In a fourth aspect, a computer-readable storage medium is provided, characterized in that the computer-readable storage medium has stored therein a computer program which, when executed by a processor, implements the method steps of any of the first aspects.
In a fifth aspect, there is provided a computer program product comprising instructions which, when run on a computer, cause the computer to perform the interactive video script generation method of any of the above.
The embodiment of the application has the beneficial effects that:
the embodiment of the application provides an interactive video script generation method, an interactive video script generation device, electronic equipment and a storage medium. Therefore, the script file corresponding to the interactive video can be automatically generated according to the plot structure drawing by the user, manual participation is not needed, and the production efficiency of the script file is improved.
Of course, it is not necessary for any one product or method of practicing the application to achieve all of the advantages set forth above at the same time.
Drawings
The accompanying drawings, which are incorporated in and constitute a part of this specification, illustrate embodiments consistent with the application and together with the description, serve to explain the principles of the application.
In order to more clearly illustrate the embodiments of the application or the technical solutions of the prior art, the drawings which are used in the description of the embodiments or the prior art will be briefly described, and it will be obvious to a person skilled in the art that other drawings can be obtained from these drawings without inventive effort.

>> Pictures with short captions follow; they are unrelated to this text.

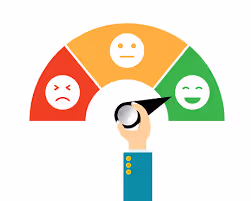 Automated quality control impacts Customer Satisfaction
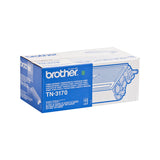 Toner Brother TN3170 Black (3 Units)-1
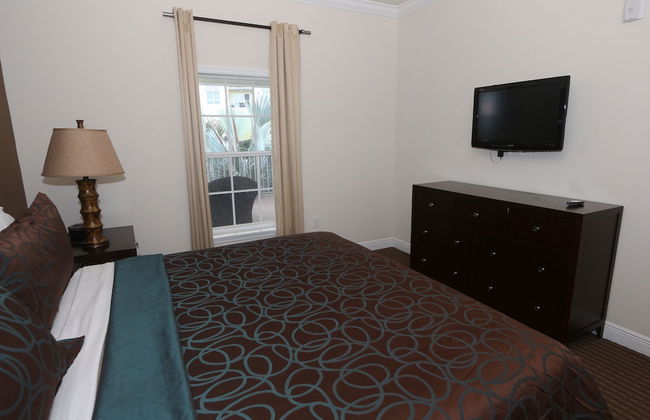 Beach Club at Siesta Key by RVA - Foto 8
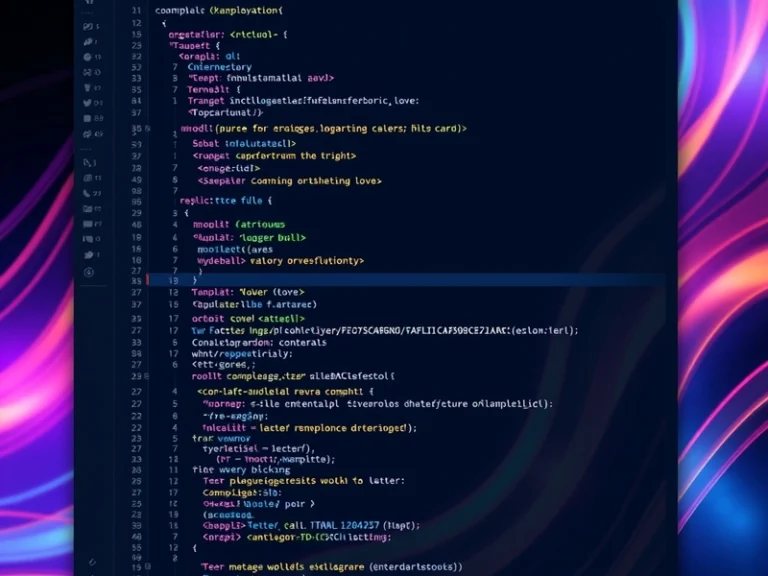 AI Replit Introduces Free Mode for Enhanced User Experience: A new feature that allows users to access AI tools without financial constraints.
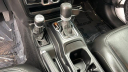 Thumbnail image of 2023 Jeep Gladiator at Jeep Chrysler Dodge of Ontario - Used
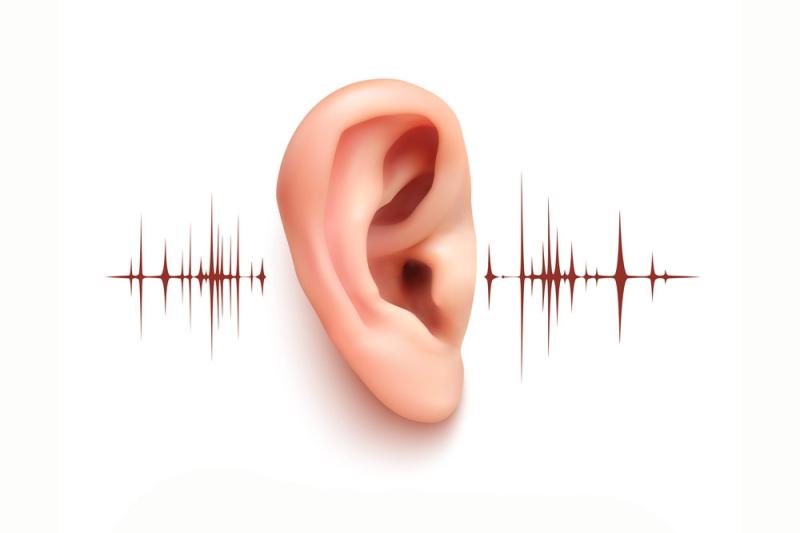 People Who Hear Voices in Their Head Can Also Pick Up on Hidden Speech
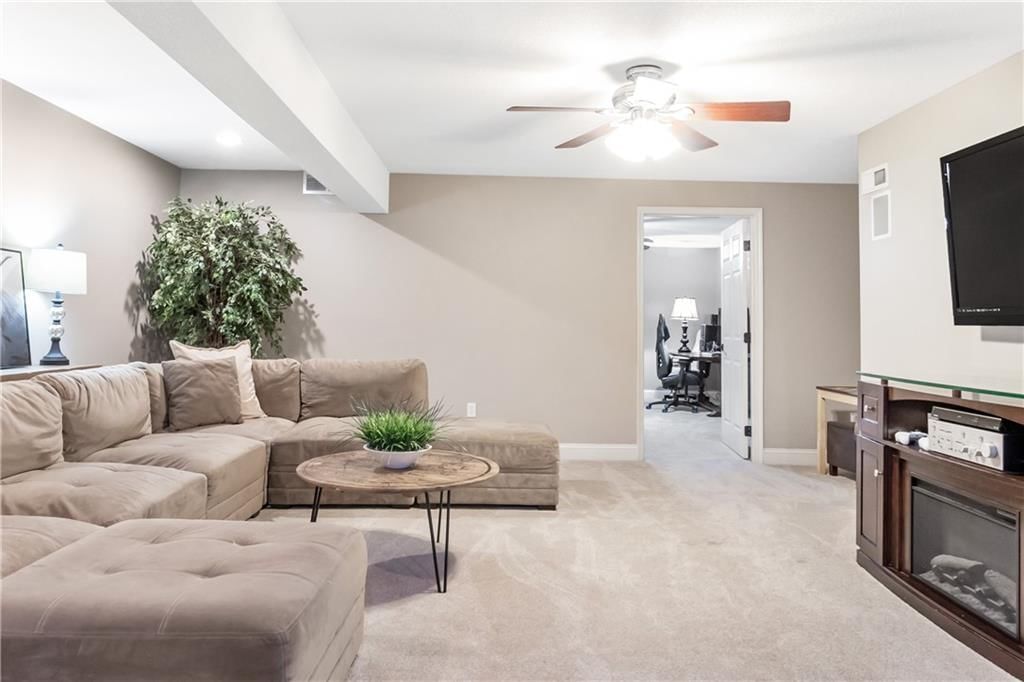 7606 W 145th Terrace — photo 33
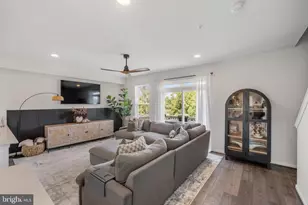 15946 Coolidge Ave, Olney, MD 20906 - Photo 27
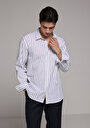 regular-fit-shirt-neck-cizgili-erkek-lacivert-uzun-kol-gomlek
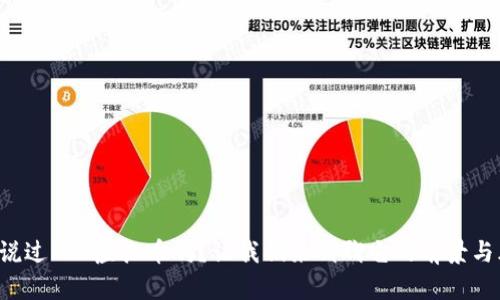 你听说过RLC虚拟币吗？让我们来聊聊它的前景与风险！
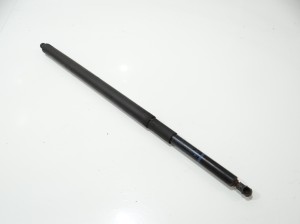SIŁOWNIK TELESKOP MASKI BMW E61 7178273 (4295583)
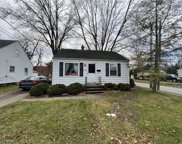 37248 Park  Avenue, Willoughby image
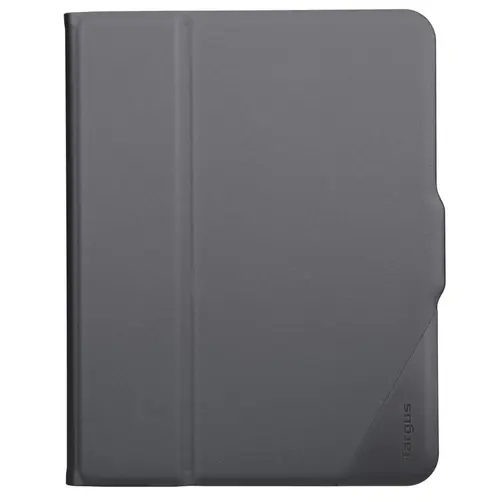 Targus Versavu 27,7 Cm (10.9") Folio Negro - Protección Y Estilo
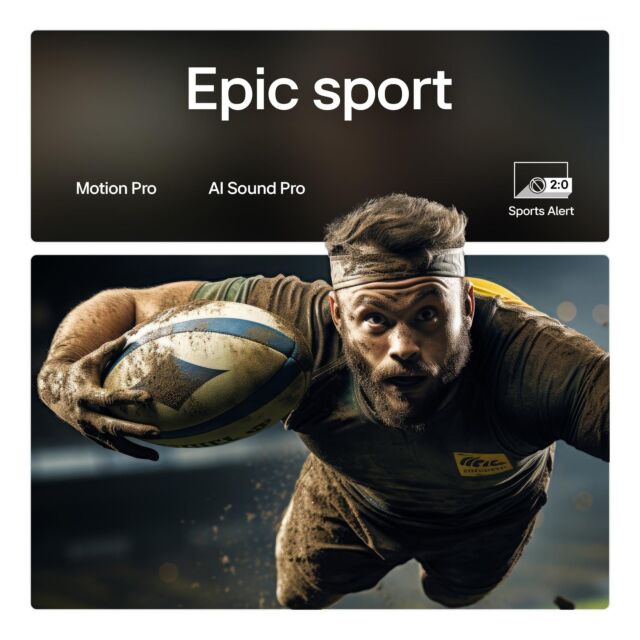 LG 55QNED85A6C.AEK 55inch 4K QNED evo Smart TV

FIG. 1 is a flowchart of an interactive video script generation method according to an embodiment of the present application;
fig. 2 is an example of a scenario structure diagram provided by an embodiment of the present application;
FIG. 3 is an example of a playback interface for playing back to an interactive node according to an interactive script according to an embodiment of the present application;
FIG. 4 is a flowchart of another method for generating an interactive video script according to an embodiment of the present application;
FIG. 5 is a flowchart of another method for generating an interactive video script according to an embodiment of the present application;
FIG. 6 is a schematic structural diagram of an interactive video script generating device according to an embodiment of the present application;
fig. 7 is a schematic structural diagram of an electronic device according to an embodiment of the present application.
Detailed Description
For the purpose of making the objects, technical solutions and advantages of the embodiments of the present application more apparent, the technical solutions of the embodiments of the present application will be clearly and completely described below with reference to the accompanying drawings in the embodiments of the present application, and it is apparent that the described embodiments are some embodiments of the present application, but not all embodiments of the present application. All other embodiments, which can be made by those skilled in the art based on the embodiments of the application without making any inventive effort, are intended to be within the scope of the application.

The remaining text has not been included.